多喜一家人——一夏天
时间:2019-01-12 09:59:56

  “受了欺负还忍气吞声,这样才叫成熟?那是软弱可欺好吧!”
  “有句老话叫‘好汉吃得眼前亏’,是说好汉眼光敏锐,更关注长远的根本利益,不会执着于眼前的吉凶祸福,你看越王勾践、刘邦、韩信不都是能忍一时之辱,然后成就大业的吗?鼠目寸光的人才会为一点损失计较,其实只要多等一段时间再回头看看,就会发现那只是微不足道的小事,完全能一笑了之。”
  珍珠不爽他只批评她,拉敌人下水:“照这么说,沈丹心和陈丽平她们也是鼠目寸光了。”
  辛向荣保持公正的评判:“没错,你们几个都吃不得眼前亏,你是火气大,沈丹心是气量窄,陈丽平是心眼坏。火气大的人有勇无谋,斗不过心胸狭窄阴险凶残的小人,你和她们闹矛盾,最终伤的是自己。”
  “我承认我火气是不小,可人活一口气,凭什么白白受欺负?”
  “你理解错了,人活一口气,这个气是指气量、气场,不是脾气、戾气。马云有句话说得好:‘人有多开阔的胸怀就能容纳多开阔的天地,开拓多恢弘的未来’。
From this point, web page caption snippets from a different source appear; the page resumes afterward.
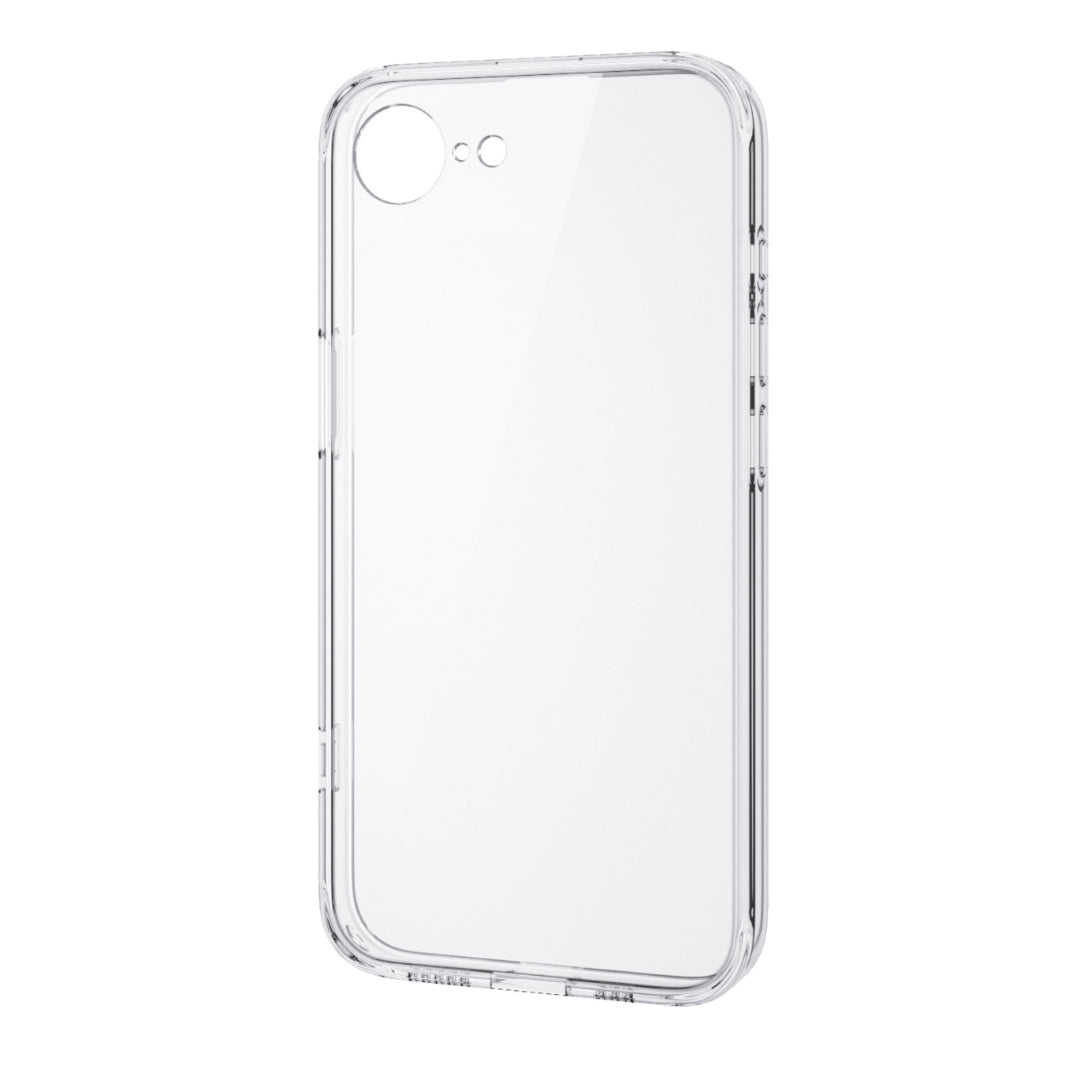 ELECOM iPhone 16e ハイブリッドガラスケース極限 メタルステッカー付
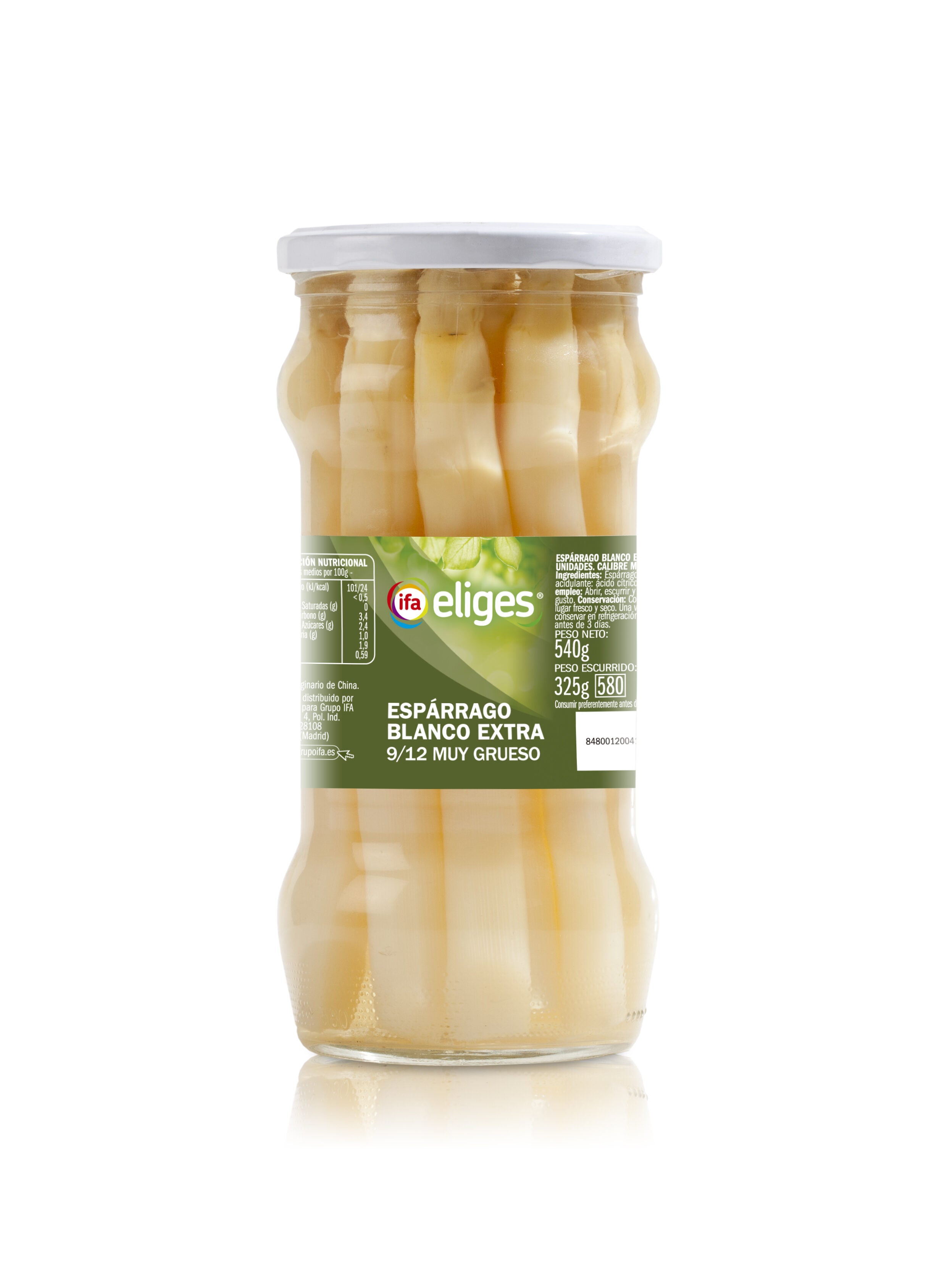 Espárrago blanco muy grueso cristal 9/12 Ifa eliges 325g escurr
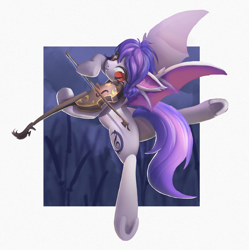 Size: 2189x2200 | Tagged: safe, artist:v-nico, oc, oc only, bat pony, pony, bat pony oc, musical instrument, solo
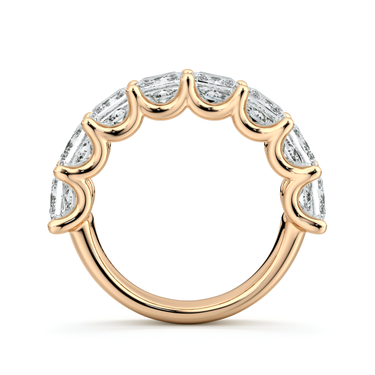 Just Brilliant Eternity Band, Half eternity / 4.0Ct / Princess in 18K Rose Gold, profile view, unengraved.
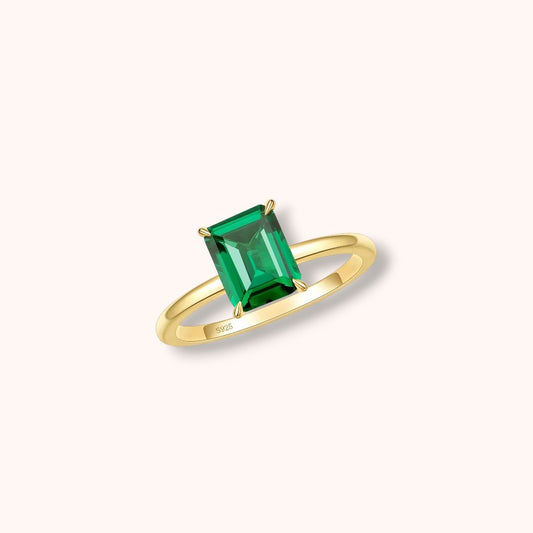 Green Zircon Emerald-Cut 925 Sterling Silver Ring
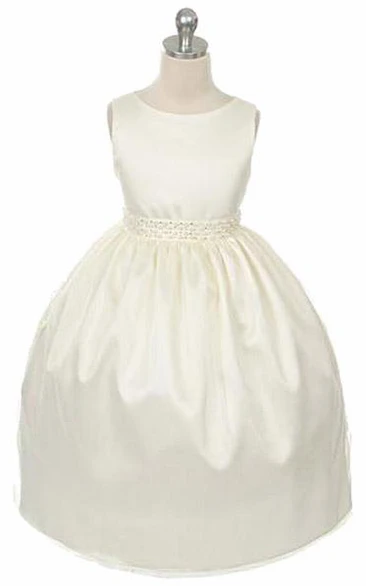 Tea-Length Tiered Sleeveless Satin Flower Girl Dress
成大事的人都有强大的气场,能容人、容事,不会肆意发泄自己的情绪,即使有必要发作也得审时度势,见好就收,别把场面搞得一发不可收拾。太爱发火的人就像暴躁的车夫,驾驭不好生活的马车,迟早会遭遇人生滑铁卢。你现在已经被坏脾气推到危险边缘了,得立即改进啊。”
  他句句在理,仿佛老练的牧民,次次精确挥出套马杆。她这头烈马没招了,只剩嘴硬:“你果然是小老头子,我爷爷以前也说过这种话。”
  他笑道:“那都是他老人家的人生经验,花了一辈子总结出来的,你不受教就等于辜负了他的心血。”
  “你怎么这么爱教训人啊。你父母是老师吗?”
  “你猜得挺准啊。”
  “看你这么好为人师就知道了,一定是跟他们学的。”
  “我一般不对人说这些,别人的人生跟我没关系,我犯不着为他们费精神。”
  “我不是别人吗?”
  “你比较特殊,我感觉你和其他人不一样。”
  少年婉转告白,又在少女脸上髹了一笔红,惹来嗤笑:“呵呵,你最好管好你的感觉,别给我添麻烦。”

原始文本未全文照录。